Verbatim copy without images: return all of the data as it stands.

**GIVEN MATERIAL**.
++++
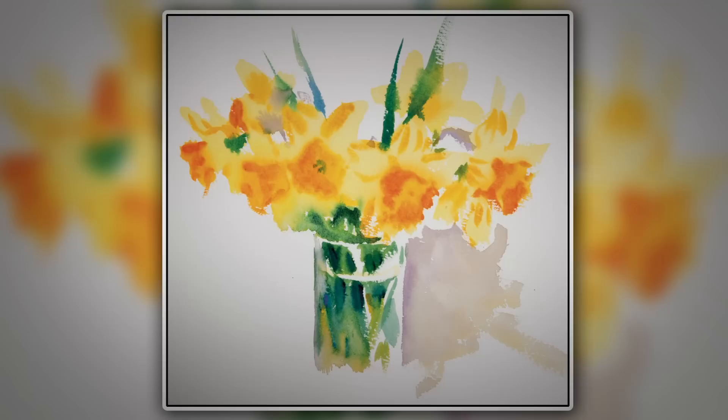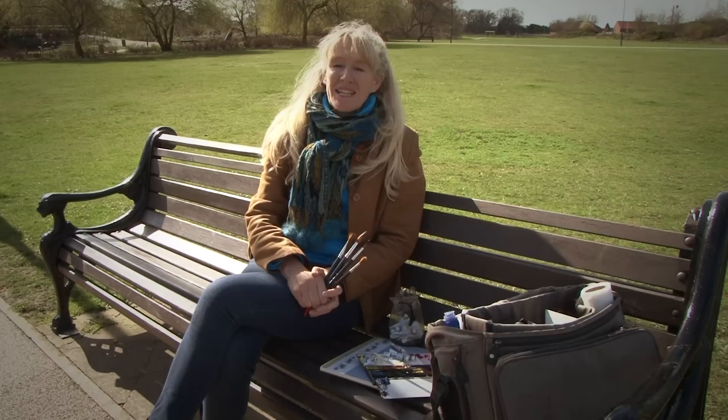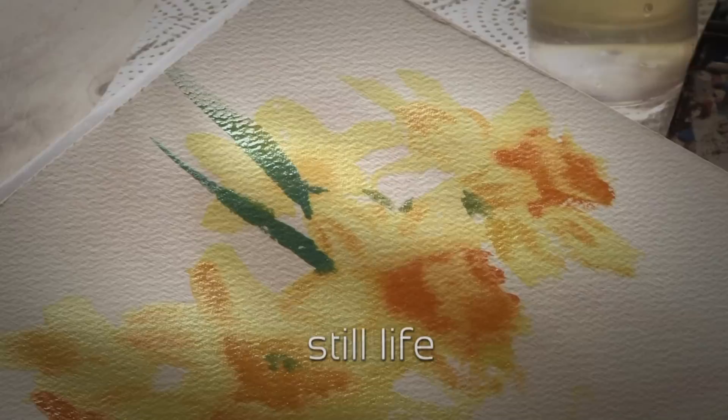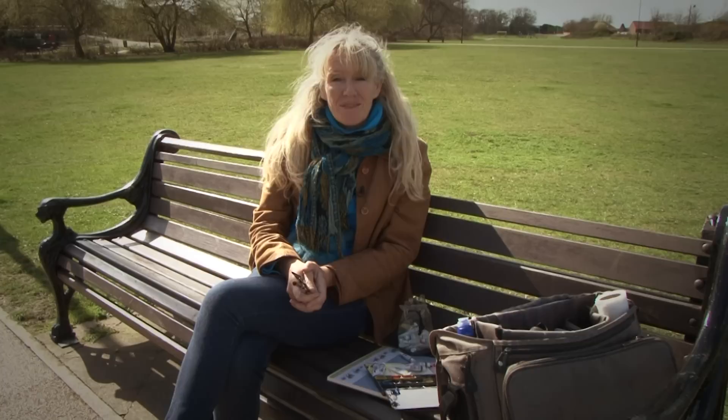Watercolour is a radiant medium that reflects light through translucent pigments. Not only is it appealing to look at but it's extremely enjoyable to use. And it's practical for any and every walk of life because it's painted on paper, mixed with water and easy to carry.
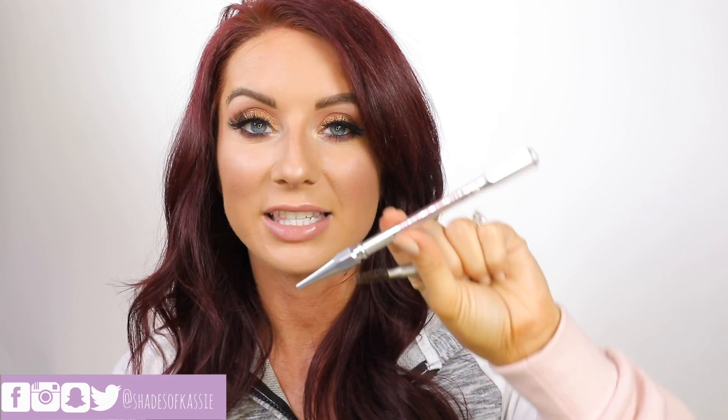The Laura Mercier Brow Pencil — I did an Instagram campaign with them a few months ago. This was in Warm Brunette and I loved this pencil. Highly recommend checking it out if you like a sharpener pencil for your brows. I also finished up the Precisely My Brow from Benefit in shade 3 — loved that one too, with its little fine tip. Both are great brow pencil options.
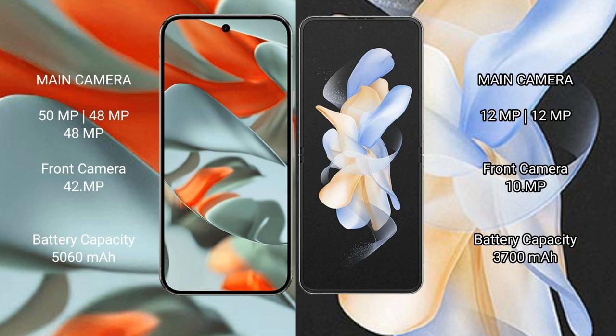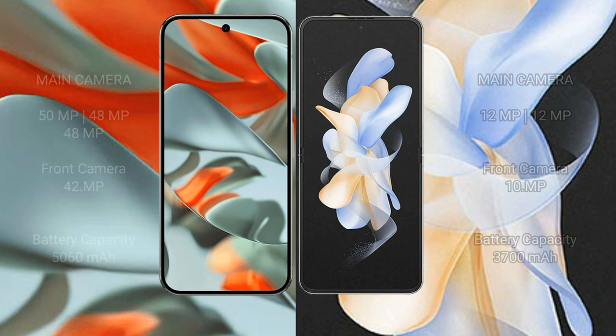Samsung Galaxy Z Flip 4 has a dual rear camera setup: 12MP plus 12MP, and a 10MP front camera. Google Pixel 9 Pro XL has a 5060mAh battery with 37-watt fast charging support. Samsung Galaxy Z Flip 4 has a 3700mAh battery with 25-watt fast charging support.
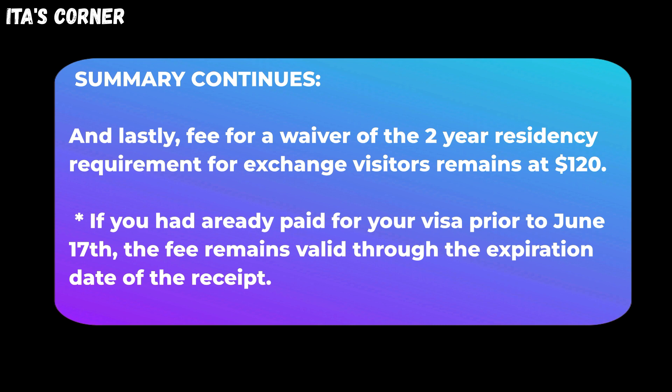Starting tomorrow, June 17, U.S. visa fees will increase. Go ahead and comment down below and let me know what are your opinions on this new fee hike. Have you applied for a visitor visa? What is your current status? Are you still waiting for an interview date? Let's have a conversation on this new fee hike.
++++
**SOLUTION FOR THIS TASK**.
Watercolour is a radiant medium that reflects light through translucent pigments. Not only is it appealing to look at but it's extremely enjoyable to use. And it's practical for any and every walk of life because it's painted on paper, mixed with water and easy to carry.
The Laura Mercier Brow Pencil — I did an Instagram campaign with them a few months ago. This was in Warm Brunette and I loved this pencil. Highly recommend checking it out if you like a sharpener pencil for your brows. I also finished up the Precisely My Brow from Benefit in shade 3 — loved that one too, with its little fine tip. Both are great brow pencil options.
Samsung Galaxy Z Flip 4 has a dual rear camera setup: 12MP plus 12MP, and a 10MP front camera. Google Pixel 9 Pro XL has a 5060mAh battery with 37-watt fast charging support. Samsung Galaxy Z Flip 4 has a 3700mAh battery with 25-watt fast charging support.
Starting tomorrow, June 17, U.S. visa fees will increase. Go ahead and comment down below and let me know what are your opinions on this new fee hike. Have you applied for a visitor visa? What is your current status? Are you still waiting for an interview date? Let's have a conversation on this new fee hike.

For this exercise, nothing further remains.